┌────────

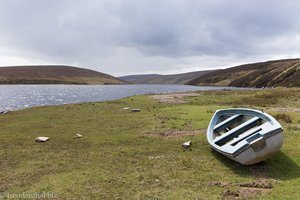 Boot am Ufer des Loch of Cliff auf Unst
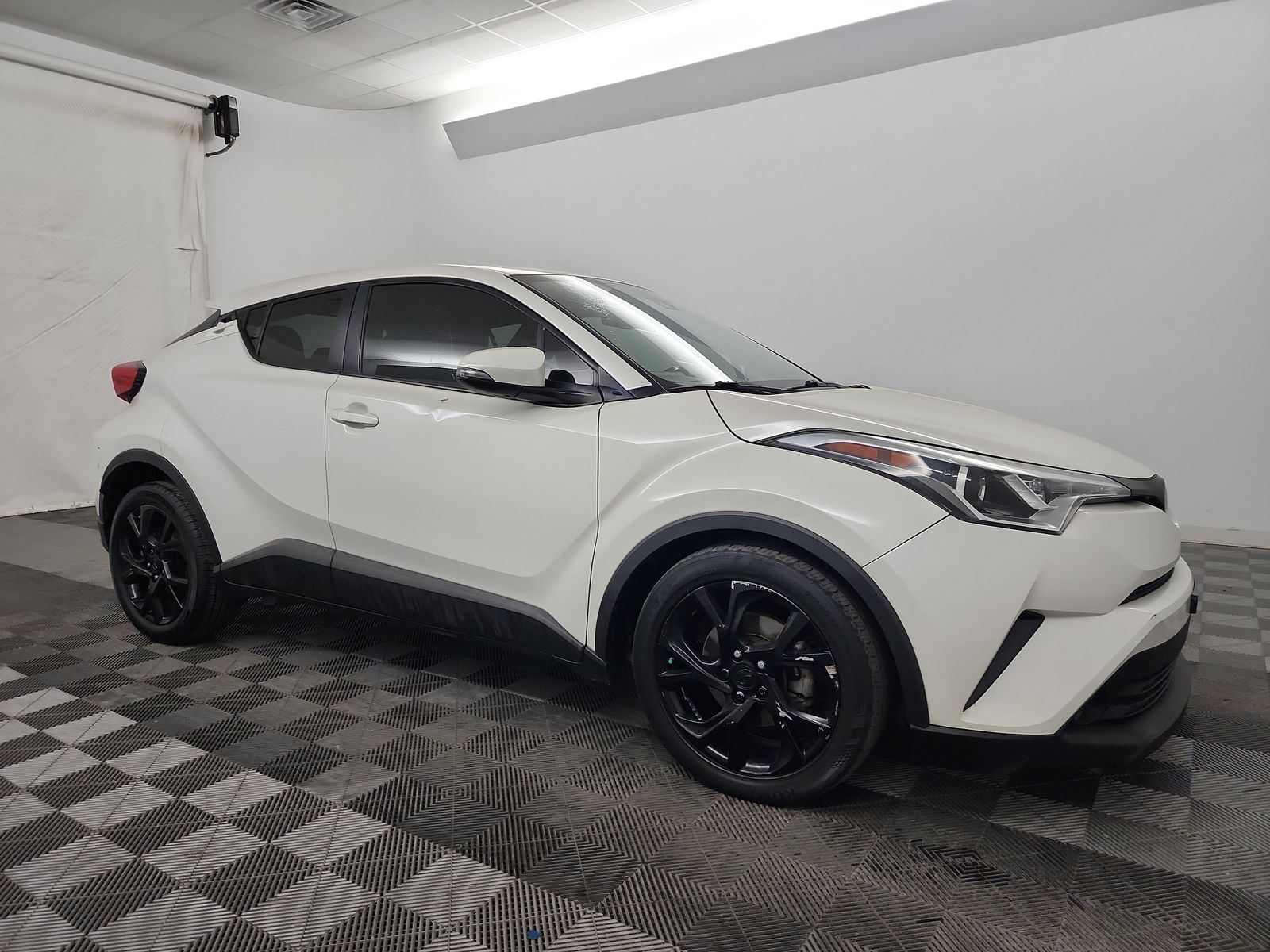 2018 Toyota C-HR XLE Premium FWD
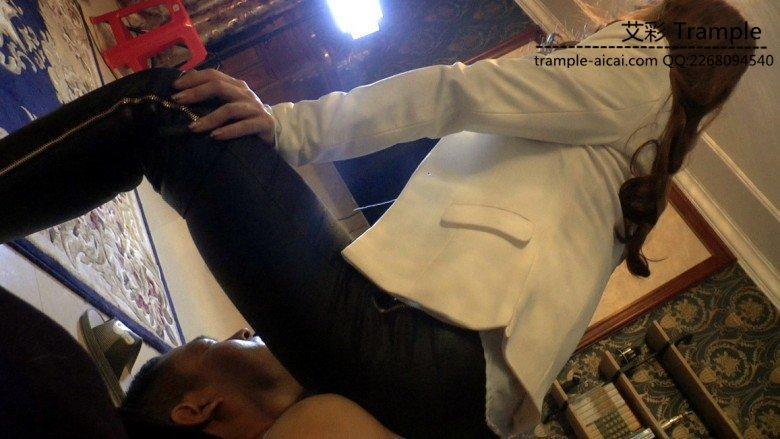 【冰时代】芮萁女王穿大皮靴坐喉咙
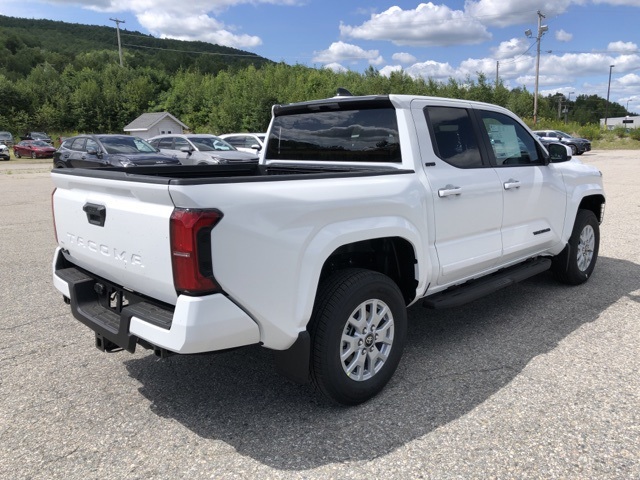 2025 Toyota Tacoma SR5 Double Cab photo 3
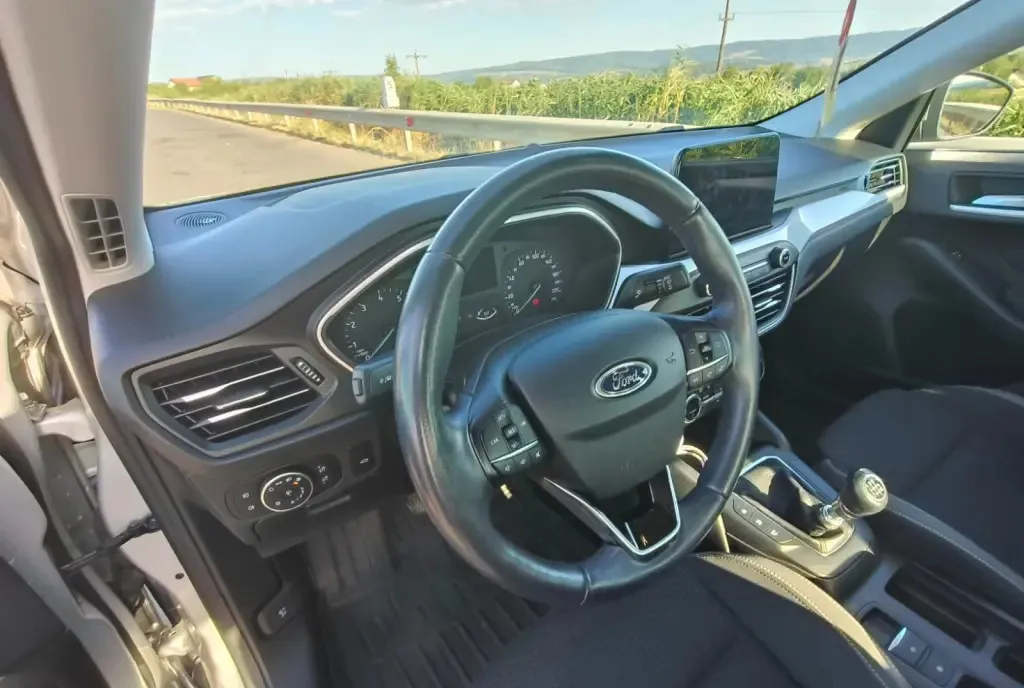 Ford Focus 2019 12 000 eur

└────────

Exercise directions: Give back the material above exactly, without pictures.

Reply:
 Boot am Ufer des Loch of Cliff auf Unst
 2018 Toyota C-HR XLE Premium FWD
 【冰时代】芮萁女王穿大皮靴坐喉咙
 2025 Toyota Tacoma SR5 Double Cab photo 3
 Ford Focus 2019 12 000 eur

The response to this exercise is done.